Learning under noisy supervision is governed by a feedback-truth gap
arXiv:2602.16829v1 Announce Type: new Abstract: When feedback is absorbed faster than task structure can be evaluated, the learner will favor feedback over truth. A two-timescale model shows this feedback-truth gap is inevitable whenever the two rates differ and vanishes only when they match. We test this prediction across neural networks trained with noisy labels (30 datasets, 2,700 runs), human probabilistic reversal learning (N = 292), and human reward/punishment learning with concurrent EEG (N = 25). In each system, truth is defined operationally: held-out labels, the objectively correct option, or the participant's pre-feedback expectation - the only non-circular reference decodable from post-feedback EEG. The gap appeared universally but was regulated differently: dense networks accumulated it as memorization; sparse-residual scaffolding suppressed it; humans generated transient over-commitment that was actively recovered. Neural over-commitment (~0.04-0.10) was amplified tenfol
arXiv:2602.16829v1 Announce Type: new Abstract: When feedback is absorbed faster than task structure can be evaluated, the learner will favor feedback over truth. A two-timescale model shows this feedback-truth gap is inevitable whenever the two rates differ and vanishes only when they match. We test this prediction across neural networks trained with noisy labels (30 datasets, 2,700 runs), human probabilistic reversal learning (N = 292), and human reward/punishment learning with concurrent EEG (N = 25).

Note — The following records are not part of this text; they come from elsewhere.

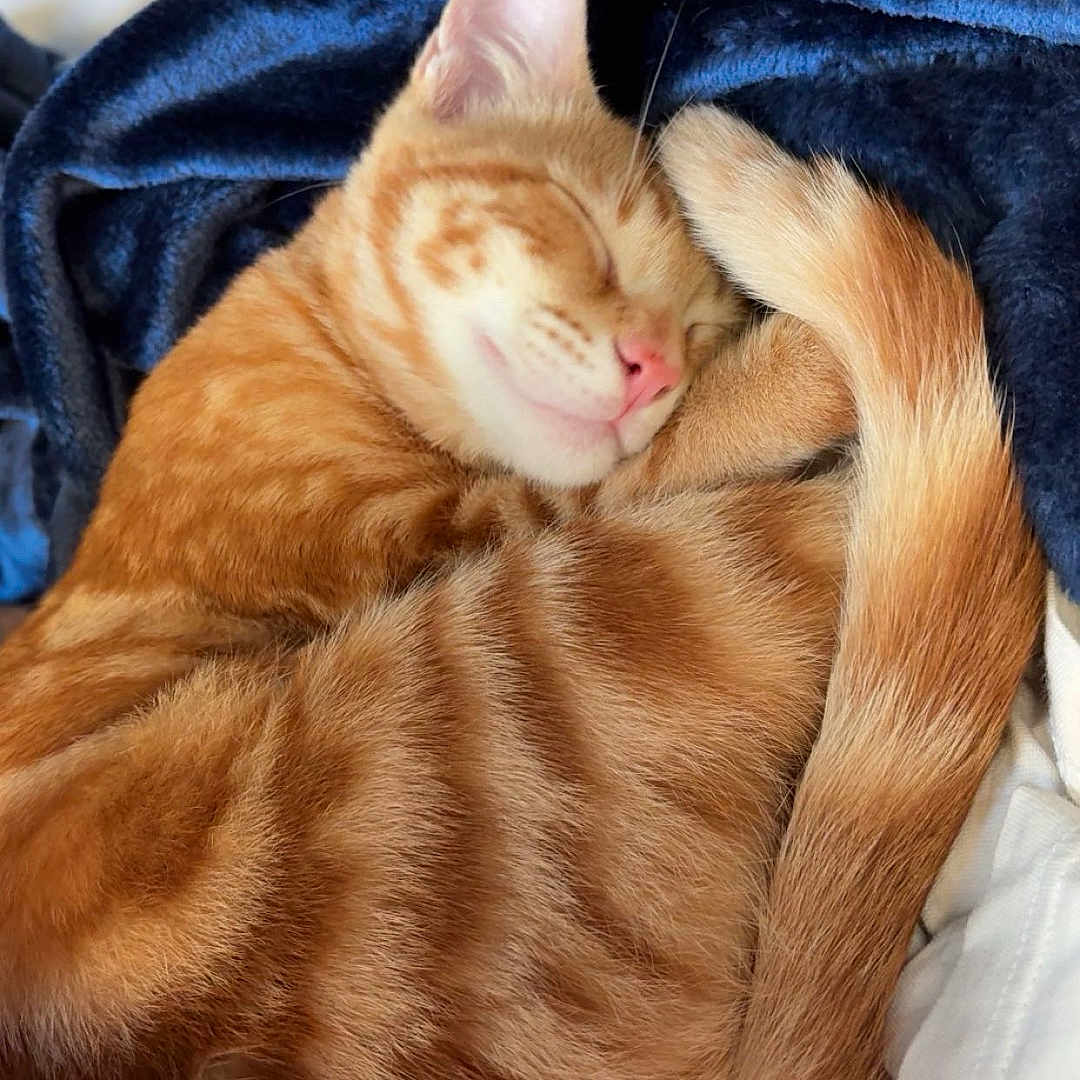 Lucky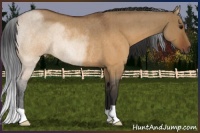 Horse Color:Brown Roan Dun Rabicano Brindle 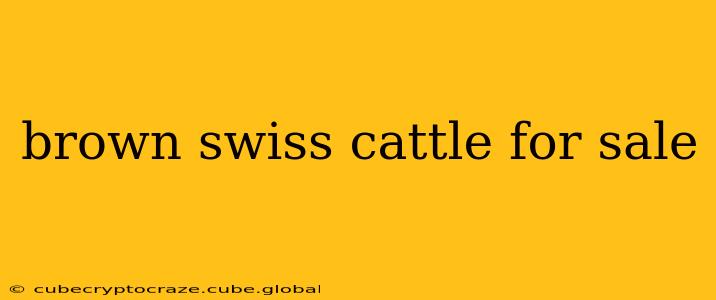 brown swiss cattle for sale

In each system, truth is defined operationally: held-out labels, the objectively correct option, or the participant's pre-feedback expectation - the only non-circular reference decodable from post-feedback EEG. The gap appeared universally but was regulated differently: dense networks accumulated it as memorization; sparse-residual scaffolding suppressed it; humans generated transient over-commitment that was actively recovered. Neural over-commitment (~0.04-0.10) was amplified tenfold into behavioral commitment (d = 3.3-3.9). The gap is a fundamental constraint on learning under noisy supervision; its consequences depend on the regulation each system employs.
Executive Summary
This article presents a groundbreaking study on the inevitability of a 'feedback-truth gap' in learning systems, particularly when feedback is absorbed faster than task structure can be evaluated. The researchers employed a two-timescale model, which predicted that this gap is unavoidable when the rates of feedback absorption and task evaluation differ. The study tested this prediction across diverse systems, including neural networks, human probabilistic reversal learning, and human reward/punishment learning with concurrent EEG. The findings suggest that the feedback-truth gap is a fundamental constraint on learning under noisy supervision, with its consequences depending on the regulation employed by each system. The study's results have significant implications for the development of learning algorithms and the understanding of human learning processes.
Key Points
- ▸ The 'feedback-truth gap' is a universal phenomenon in learning systems when feedback is absorbed faster than task structure can be evaluated.
- ▸ The gap is inevitable when the rates of feedback absorption and task evaluation differ.
- ▸ The regulation of the gap depends on the learning system, with different systems employing distinct mechanisms to mitigate its effects.
Merits
Theoretical significance
The study presents a novel theoretical framework that explains the inevitability of the feedback-truth gap, providing a fundamental understanding of learning under noisy supervision.
Methodological rigor
The study employs a robust methodology, testing the prediction across diverse systems, including neural networks, human probabilistic reversal learning, and human reward/punishment learning with concurrent EEG.
Demerits
Limited scope
The study's focus on the feedback-truth gap may limit its scope, as other factors influencing learning under noisy supervision may be overlooked.
Need for further experimentation
Replication and extension of the study's findings in different contexts and with varied populations are necessary to confirm its generalizability.
Expert Commentary
The study's findings have significant implications for the development of learning algorithms and the understanding of human learning processes. The feedback-truth gap is a fundamental constraint on learning under noisy supervision, and its consequences depend on the regulation employed by each system. The study's results suggest that learning algorithms should be designed to account for this gap, incorporating mechanisms to mitigate its effects. Furthermore, the study's findings have policy implications, particularly in situations where noisy supervision is inevitable. The development of policies and guidelines for the use of learning algorithms in real-world applications requires a deep understanding of the feedback-truth gap and its consequences.
Recommendations
- ✓ Future studies should investigate the feedback-truth gap in different contexts and with varied populations to confirm its generalizability.
- ✓ Developing learning algorithms that can effectively learn from noisy labels and mitigate the effects of the feedback-truth gap is essential for real-world applications.